Content starts

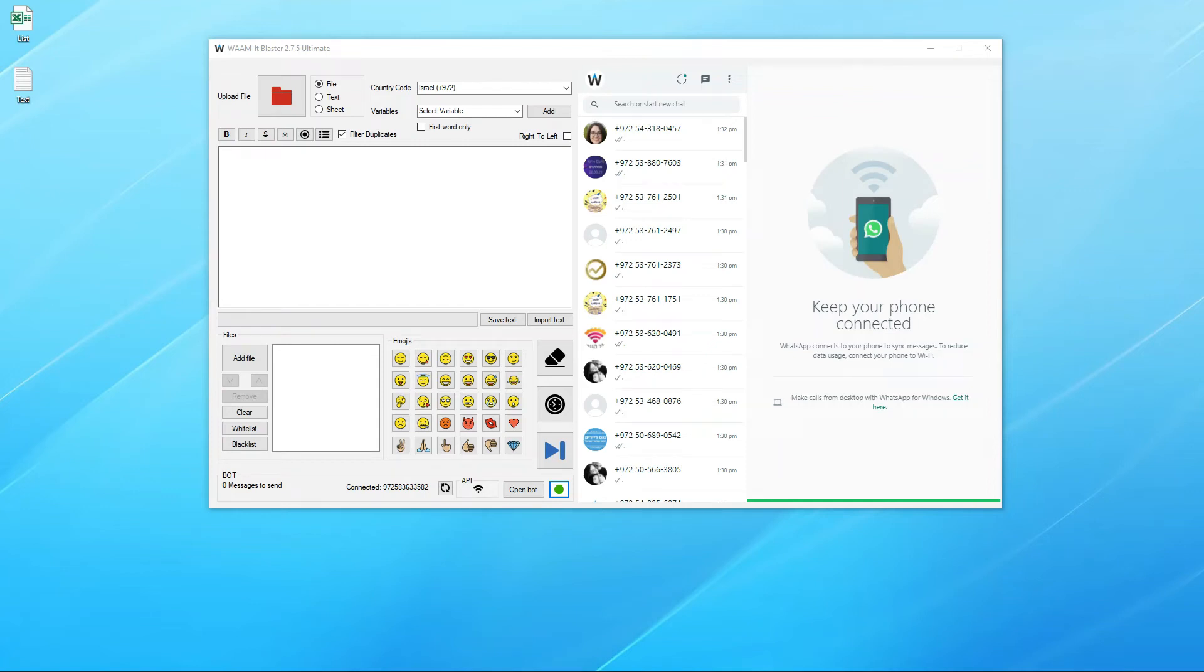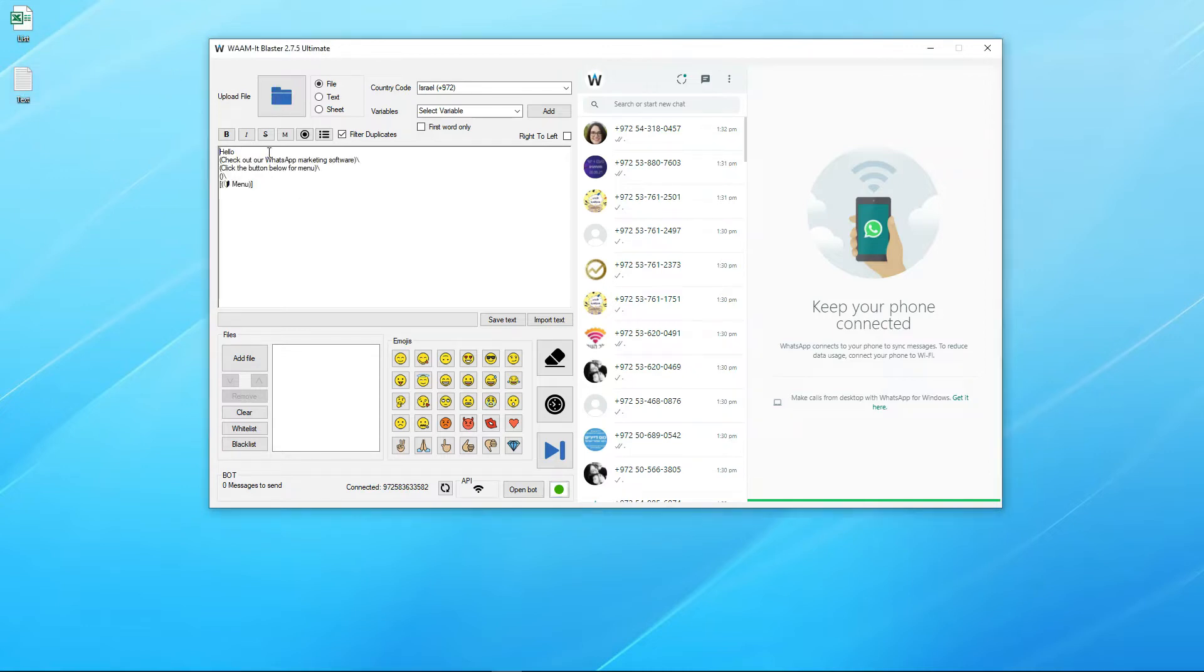Womit Blaster is the perfect software to send unlimited personalized WhatsApp messages and apply advanced chatbots with API integration.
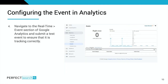Lastly, to make sure everything is firing correctly, navigate to the real-time events section of Google Analytics and submit a test event to ensure it is tracking correctly. This will come in real time — so if you are on your website and you click the Order Now button, it should appear in the real-time events confirming it's firing correctly.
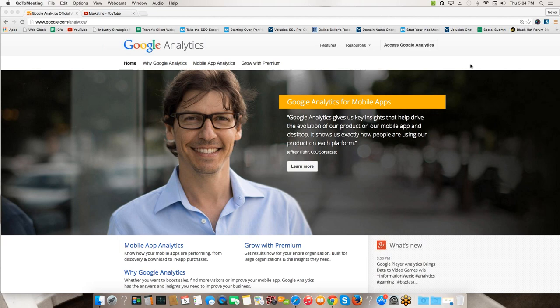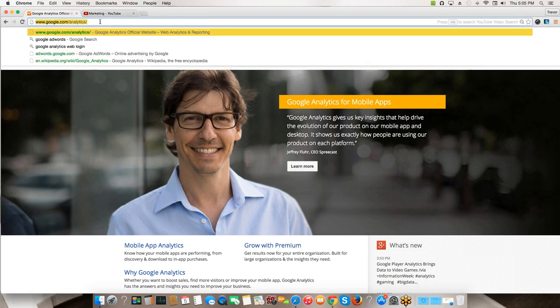Welcome everybody to the webinar tonight. I'm Trevor, I'm going to be hosting this and we are going to be talking almost exclusively about Google Analytics. You can see I'm sitting on Google Analytics at google.com/analytics. Let me take the temperature of those of you who are here live - how many of you know about Google Analytics, have heard of it, used it? Google Analytics is something that internet marketers use a lot.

Content ends

EXERCISE PROMPT:
What you give back should be the full material above, retyped exactly, with every image removed.

TASK ANSWER:
Womit Blaster is the perfect software to send unlimited personalized WhatsApp messages and apply advanced chatbots with API integration.
Lastly, to make sure everything is firing correctly, navigate to the real-time events section of Google Analytics and submit a test event to ensure it is tracking correctly. This will come in real time — so if you are on your website and you click the Order Now button, it should appear in the real-time events confirming it's firing correctly.
Welcome everybody to the webinar tonight. I'm Trevor, I'm going to be hosting this and we are going to be talking almost exclusively about Google Analytics. You can see I'm sitting on Google Analytics at google.com/analytics. Let me take the temperature of those of you who are here live - how many of you know about Google Analytics, have heard of it, used it? Google Analytics is something that internet marketers use a lot.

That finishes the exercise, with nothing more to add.